Let $X$ be a scalar random variable having $F_X$ as its cdf. Let $p_t$ be the function defined by $p_t(u)=u(t-\mathbf 1_{u\lt0})$ where $\mathbf 1$ denotes the indicator function. Let $q_t=\arg\min E\left[p_t(X-a)\right].$
Show that $F_X(q_t)=t.$
Let $X$ be a scalar random variable having $F_X$ as its cdf.
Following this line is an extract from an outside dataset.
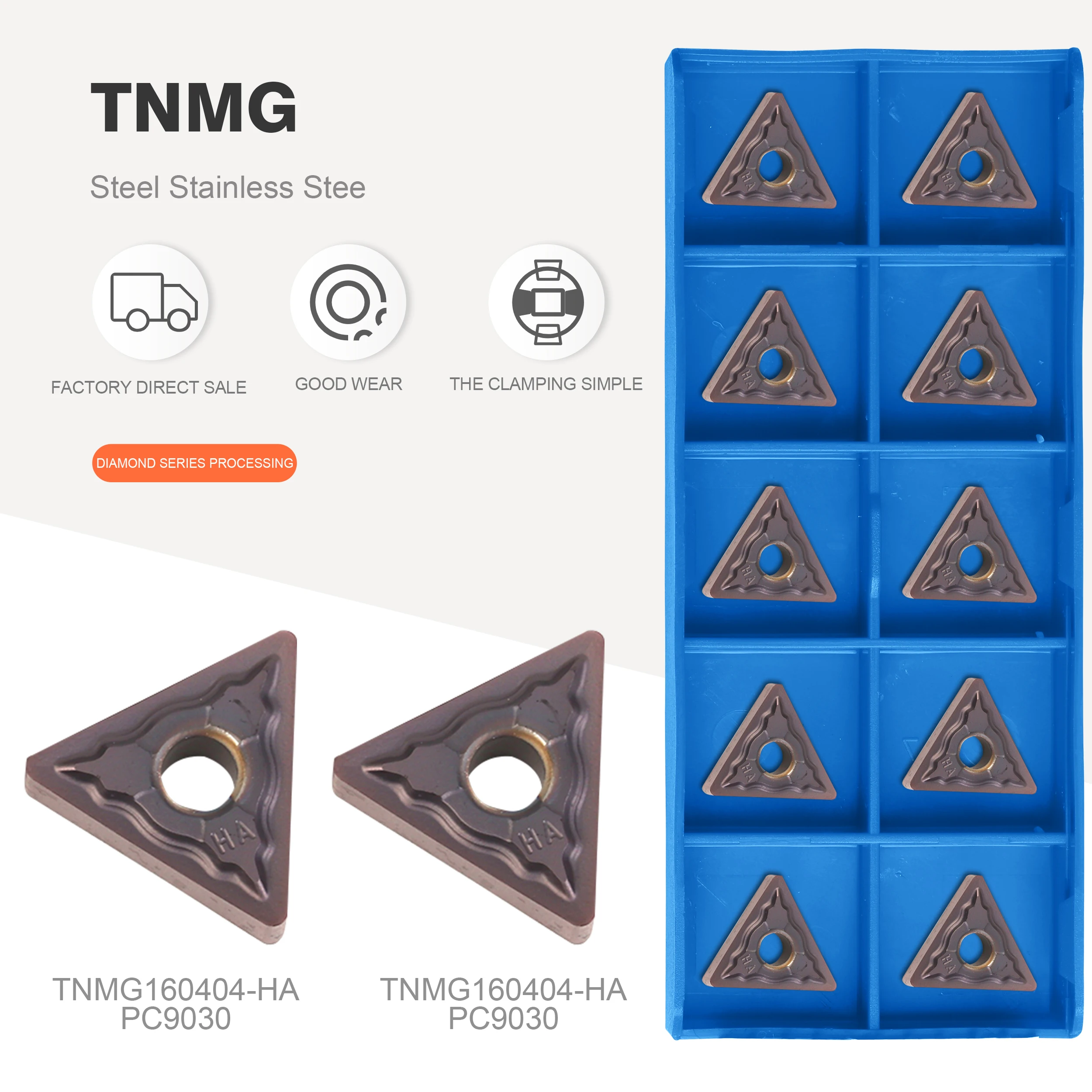 TNMG160404 08 HA PC9030 hard alloy blade  stainless steel blade milling cutter CNC lathe external turning tool 10pcs tnmg160404 ha pc9030 tnmg160408 ha pc9030 cnc lathe cutting blade carbide turning insert for stainless steel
Let $p_t$ be the function defined by $p_t(u)=u(t-\mathbf 1_{u\lt0})$ where $\mathbf 1$ denotes the indicator function. Let $q_t=\arg\min E\left[p_t(X-a)\right].$
Show that $F_X(q_t)=t.$
Let $u(a)=\mathrm E(p_t(X-a))$. Since $p_t(x-a)=tx-ta+(a-x)^+=tx-ta+\int\limits_{-\infty}^a\mathbf 1_{x\leqslant b}\mathrm db$, $ u(a)=t\mathrm E(X)-ta+\int\limits_{-\infty}^aF_X(b)\mathrm db,\qquad u'(a)=-t+F_X(a). $ This shows that $u$ is decreasing at $a$ if $F_X(a)\lt t$ and increasing at $a$ if $F_X(a)\gt t$. Hence the minimum of $u$ is reached at every $a$ such that $F_X(a)=t$.